This weekend, former Vice President Mike Pence was the latest casualty to drop out of the presidential primary race.
Pence had an outside shot of making the next debate, but he was never going to get enough support to win the nomination.
Rather than continue to waste donor money, Pence called it quits, and Trump went after him as soon as he did.
Gloves Are Off
Trump was in Nevada this weekend and he made it clear the gloves are off against anyone opposing him.
He started by going after Mike Pence, demanding that Pence endorse him, as well as calling Pence “disloyal.”
Now, keep in mind, Trump obliterated Pence when he would not stop the certification of the 2020 election. Pence also made it clear when he was running he was doing so to present an alternative to Donald Trump, but Trump still expected an endorsement.
He stated, “I don’t know about Mike Pence. He should endorse me. He should endorse me. You know why?
“Because I had a great successful presidency and he was the vice president. He should endorse me. I chose him, made him vice president, but people in politics can be very disloyal.”

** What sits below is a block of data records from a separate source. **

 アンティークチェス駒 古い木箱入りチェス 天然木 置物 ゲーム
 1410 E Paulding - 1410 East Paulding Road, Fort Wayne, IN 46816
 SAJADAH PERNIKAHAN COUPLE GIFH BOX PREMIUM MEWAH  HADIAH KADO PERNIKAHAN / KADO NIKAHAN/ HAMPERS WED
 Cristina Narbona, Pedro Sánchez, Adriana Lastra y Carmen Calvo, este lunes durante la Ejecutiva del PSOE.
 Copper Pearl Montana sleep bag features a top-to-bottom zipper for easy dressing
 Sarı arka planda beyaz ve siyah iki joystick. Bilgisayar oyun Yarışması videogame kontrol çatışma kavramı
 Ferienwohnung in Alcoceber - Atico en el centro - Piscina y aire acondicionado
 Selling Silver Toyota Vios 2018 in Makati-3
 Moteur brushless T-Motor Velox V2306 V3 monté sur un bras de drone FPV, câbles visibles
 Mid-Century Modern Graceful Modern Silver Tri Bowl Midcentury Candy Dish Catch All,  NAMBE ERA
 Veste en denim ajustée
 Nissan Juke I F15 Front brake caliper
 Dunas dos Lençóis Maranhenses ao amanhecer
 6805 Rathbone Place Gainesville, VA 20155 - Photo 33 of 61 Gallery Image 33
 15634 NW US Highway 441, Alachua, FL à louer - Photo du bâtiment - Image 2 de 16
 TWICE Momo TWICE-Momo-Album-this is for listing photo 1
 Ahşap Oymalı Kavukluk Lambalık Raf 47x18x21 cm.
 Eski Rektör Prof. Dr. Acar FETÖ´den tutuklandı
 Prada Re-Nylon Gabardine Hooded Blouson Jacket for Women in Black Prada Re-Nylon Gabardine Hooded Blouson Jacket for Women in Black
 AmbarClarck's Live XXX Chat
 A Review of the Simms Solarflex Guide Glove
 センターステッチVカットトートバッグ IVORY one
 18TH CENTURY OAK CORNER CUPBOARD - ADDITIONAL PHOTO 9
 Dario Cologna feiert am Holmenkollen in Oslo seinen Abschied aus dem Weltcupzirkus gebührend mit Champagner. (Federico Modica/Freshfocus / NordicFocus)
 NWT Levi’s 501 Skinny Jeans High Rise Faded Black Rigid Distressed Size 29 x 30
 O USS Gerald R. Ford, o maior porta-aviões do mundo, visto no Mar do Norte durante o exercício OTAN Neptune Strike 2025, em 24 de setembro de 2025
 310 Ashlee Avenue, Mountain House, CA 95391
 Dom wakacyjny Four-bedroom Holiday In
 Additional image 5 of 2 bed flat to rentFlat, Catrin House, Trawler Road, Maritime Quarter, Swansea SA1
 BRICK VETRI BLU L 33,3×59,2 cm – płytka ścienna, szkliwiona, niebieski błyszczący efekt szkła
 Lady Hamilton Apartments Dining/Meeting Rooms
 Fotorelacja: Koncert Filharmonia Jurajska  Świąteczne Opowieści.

Trump then turned his attention to Nikki Haley and Ron DeSantis, the candidates running in second and third in the race.
He stated, “Somebody said that Bird Brain [Nikki Haley] is now in second place, but she’s going nowhere.”
Trump then took a shot at DeSantis, saying that he “dropped like a falling bird, badly injured from the sky.”
I still believe that Trump does more to hurt his general election chances by hitting these candidates than he would if he just concentrated on Joe Biden.
People take this stuff very personally, and Trump is alienating DeSantis and Haley supporters. And while they are not threatening Trump winning the primary right now, collectively, they have a pretty significant backing, all of whom could sit on the sidelines in a general election.
If Trump truly believed he had this primary won, he would not be lobbing these bombs at fellow Republicans, especially if he hopes to have their fan bases back him during a general election if he wins the nomination.